When the swashplate of the pump angles, the pump produces flow. The pump draws oil from right steering drive loop (19). Pump output flows to left steering drive loop (15).
The pump output flows to steering motor (17). The flow of the oil turns steering motor (17), which turns the steering differential. Consequently, the steering differential will turn at a rate that is directly proportional to the original input from the steering control lever.
The output oil leaves steering motor (17) and flows into right steering drive loop (19). This oil flows back to the suction side of steering pump (7). The oil goes around the closed drive loop again.
Flushing valve (18) allows some of the oil flow in the low-pressure side of the closed drive loop to flow through the steering motor. This oil performs the following functions:
- This oil cools the steering motor.
- This oil lubricates the internal components of the steering motor.
- This oil flushes the internal components of the steering motor.
- Replaces hot loop oil with cool oil.
This oil is replaced by charge oil through the makeup check valves in crossover relief valves (10).
In a turning condition, resolver (21) will shift.
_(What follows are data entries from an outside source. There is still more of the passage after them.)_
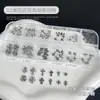 Conjunto de Decoração para Unhas Cruzadas com 12 Peças, Popular Estilo Punk Transfronteiriço Rebites Metálicos Pedras de Strass para Unhas Acessórios DIY
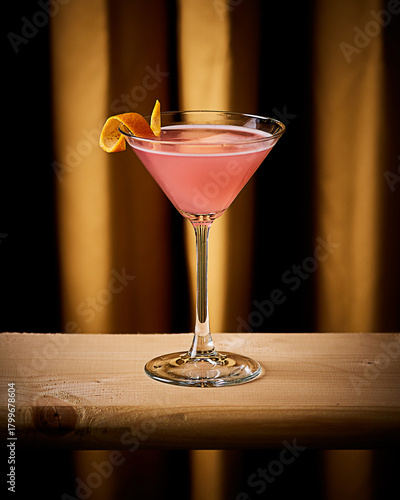 Elegant Pink Cocktail with Citrus Twist in Martini Glass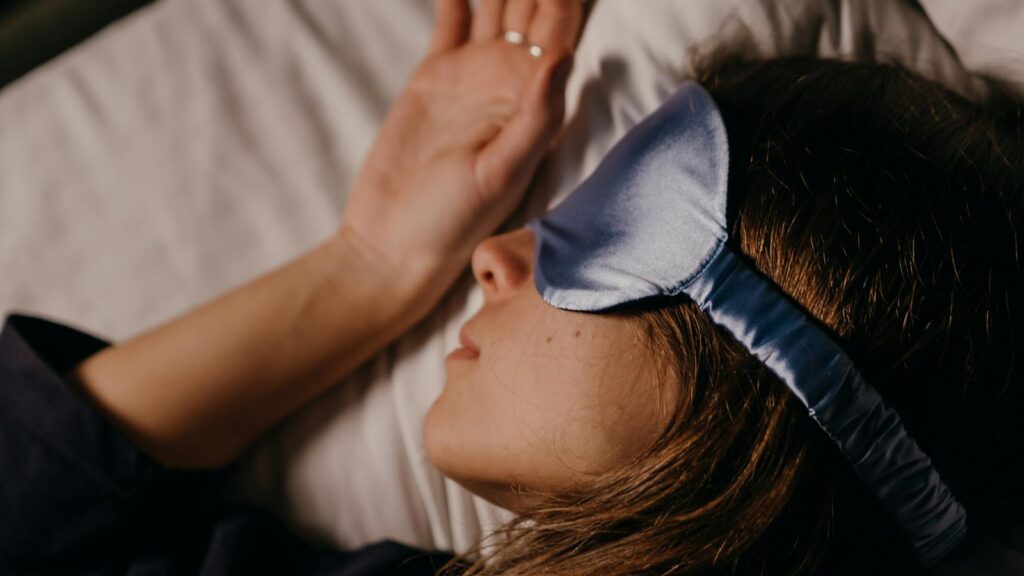 A woman peacefully sleeping in bed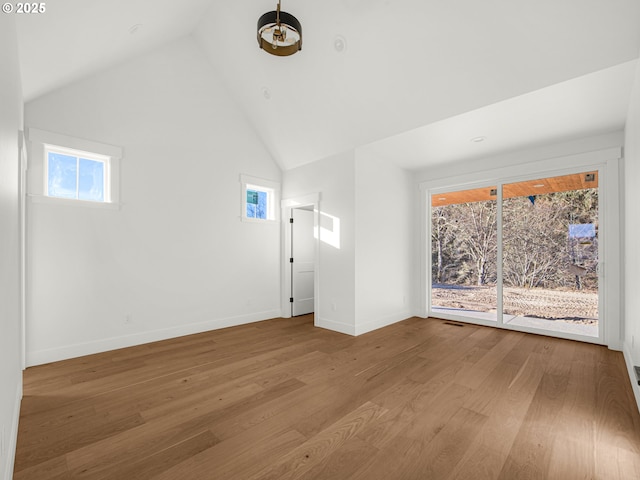 interior space with wood-type flooring and high vaulted ceiling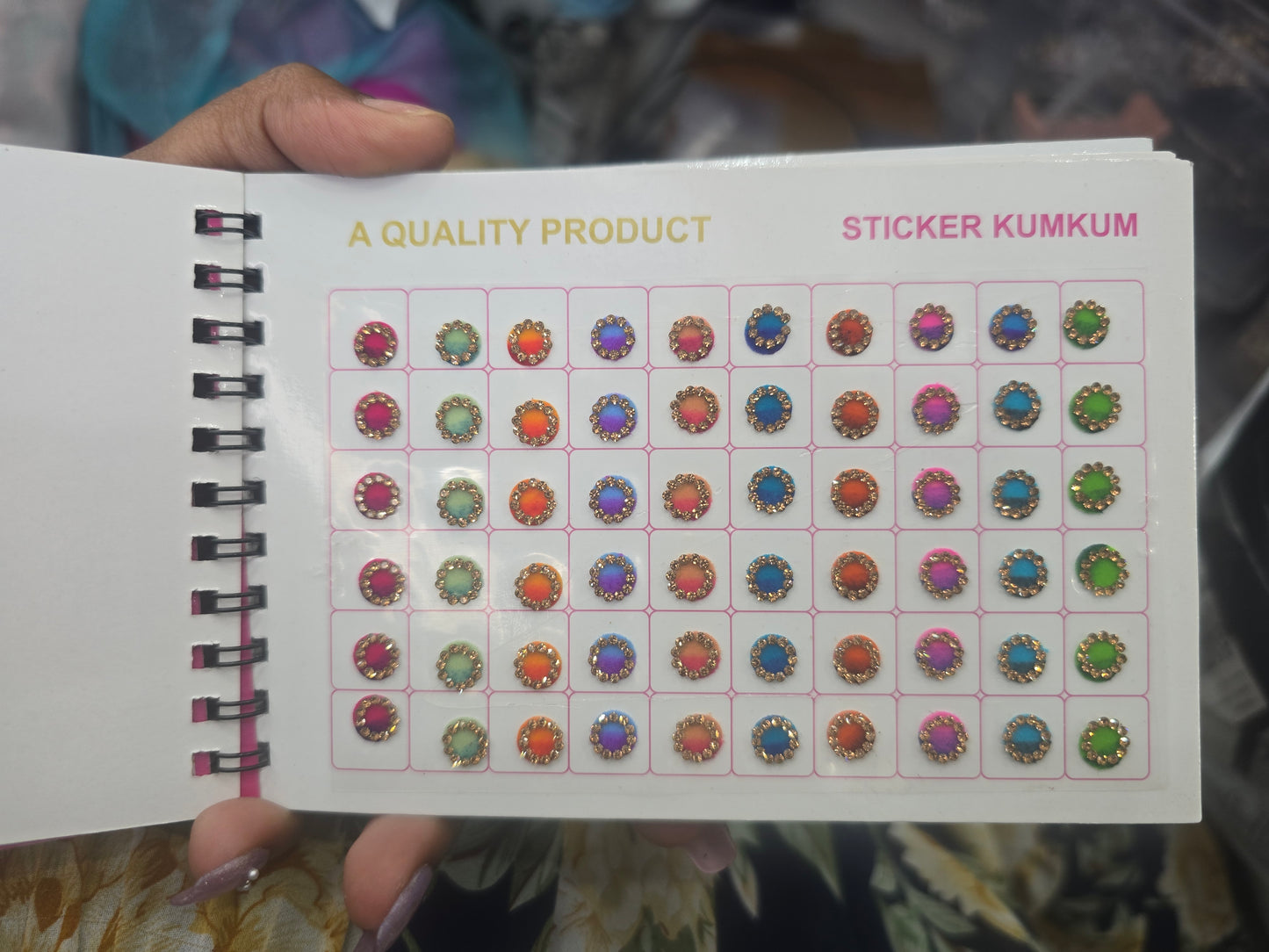 Beautiful designer gold stone tikka/bindi book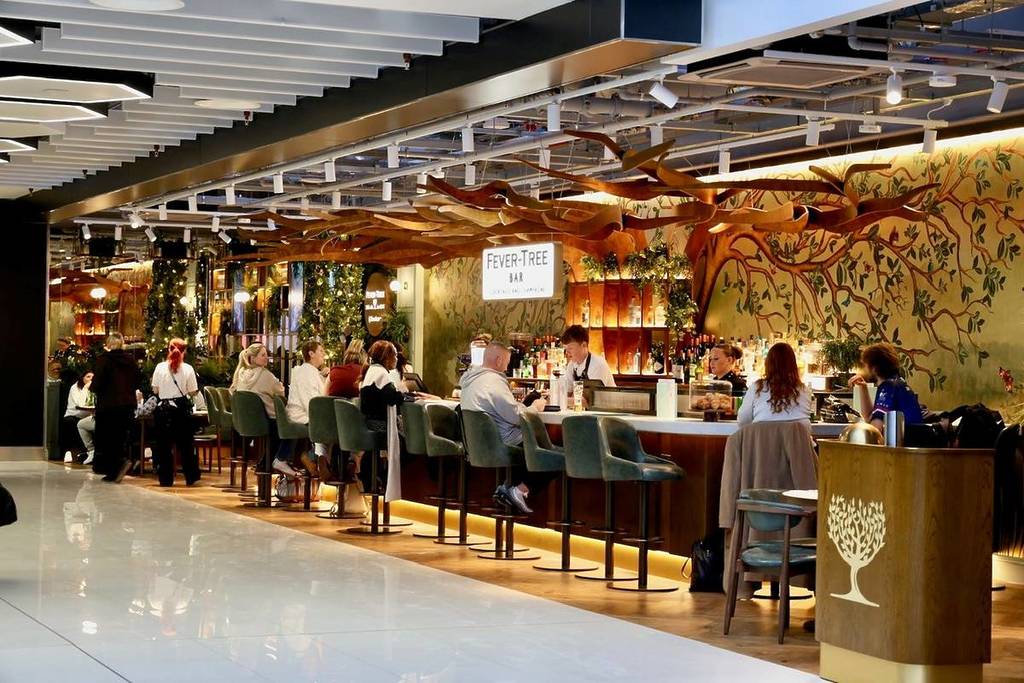 people sat at fever-tree premium bar at manchester airport terminal 2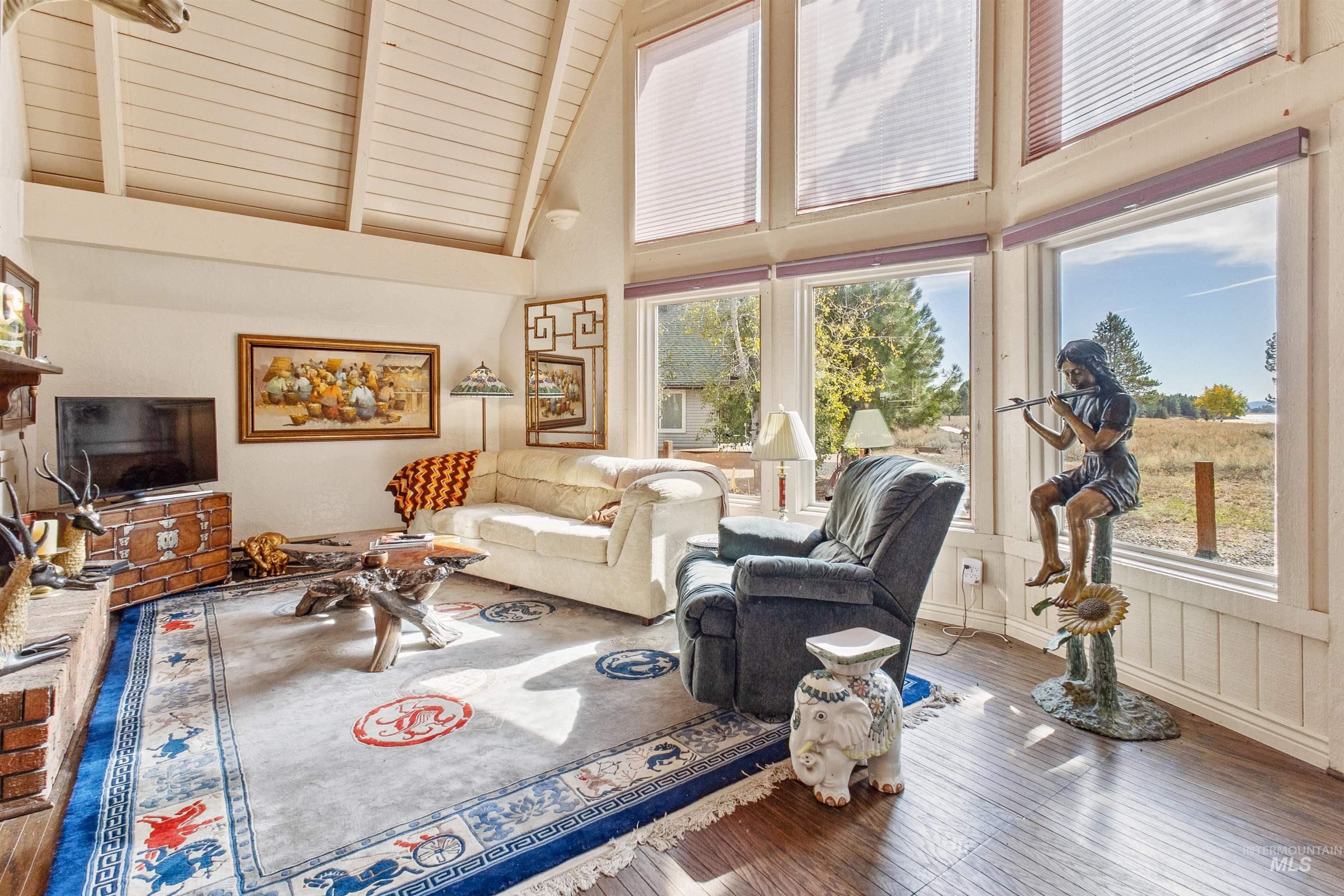 Living area with hardwood / wood-style flooring and high vaulted ceiling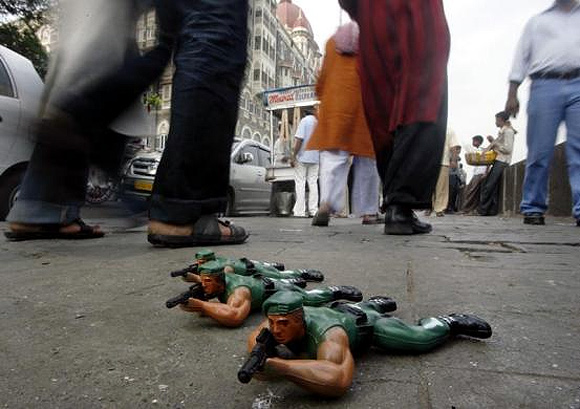 Toy soldiers are displayed for sale by a street hawker in front of the Taj Mahal Hotel.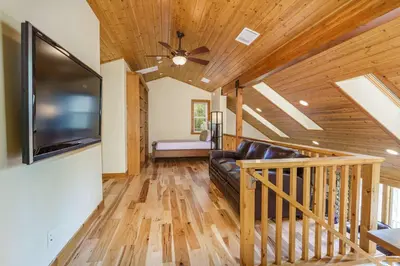 a living room with a ceiling fan and a television at Beautiful 3bd Sanctuary Inside Yosemite in Wawona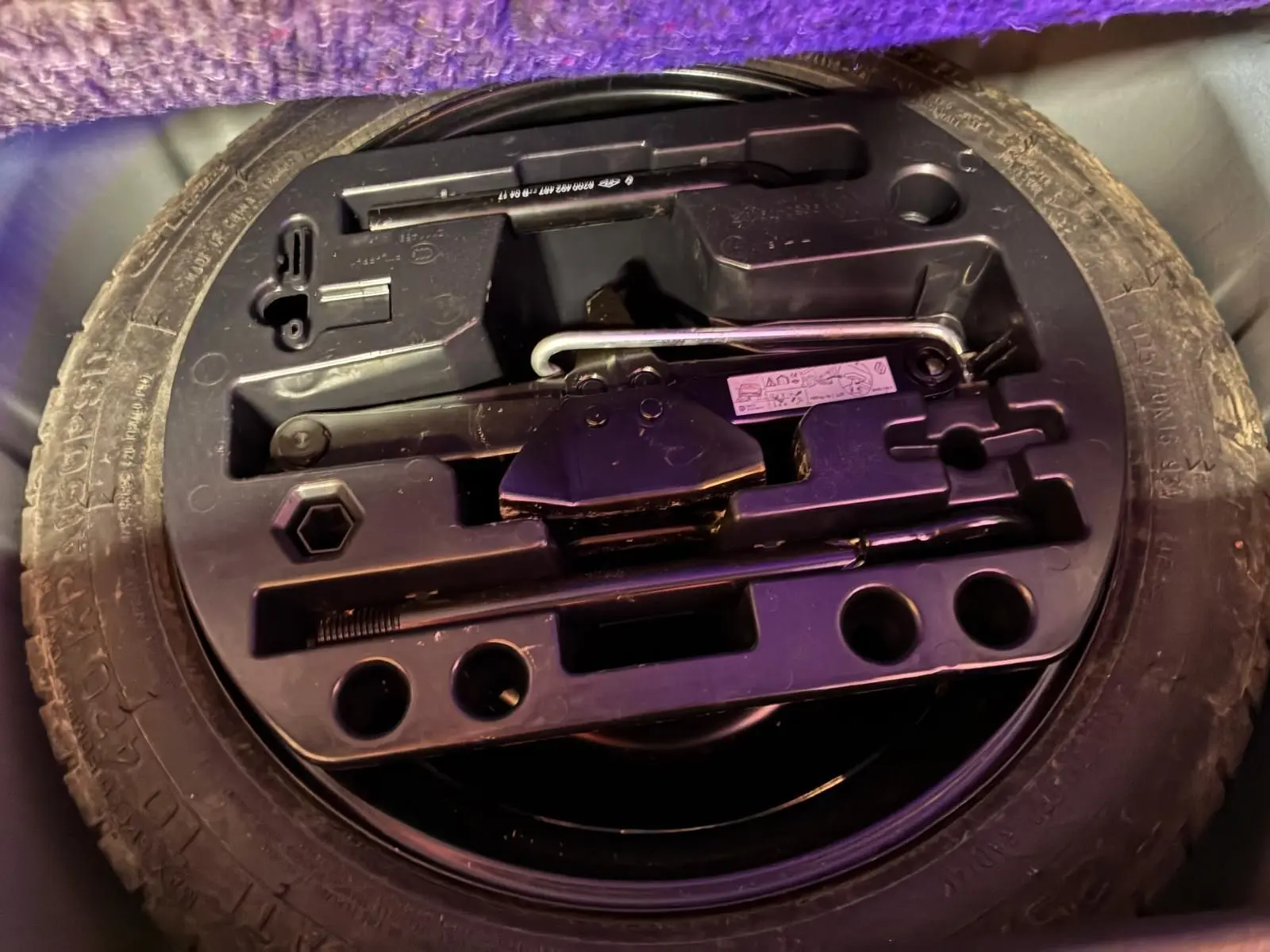 Gros plan sur la roue de secours et le kit d'outils dans le coffre d'un Renault Captur bleu 2017.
This shift will allow the highest pressure in the drive loop to act on POR valve (14). When the pressure in the closed drive loop becomes higher than the pressure setting of POR valve (14), POR valve (14) will open. As a result, oil from actuator piston (5) will drain to the pump case. This action lowers the pressure of the oil at the controlled side of actuator piston (5). This action causes the pump to destroke in order to maintain POR setting. Temporary pressure spikes are relieved through crossover relief valves (10).
The steering system in a RIGHT TURN condition is the exact opposite of the steering system in a LEFT TURN condition.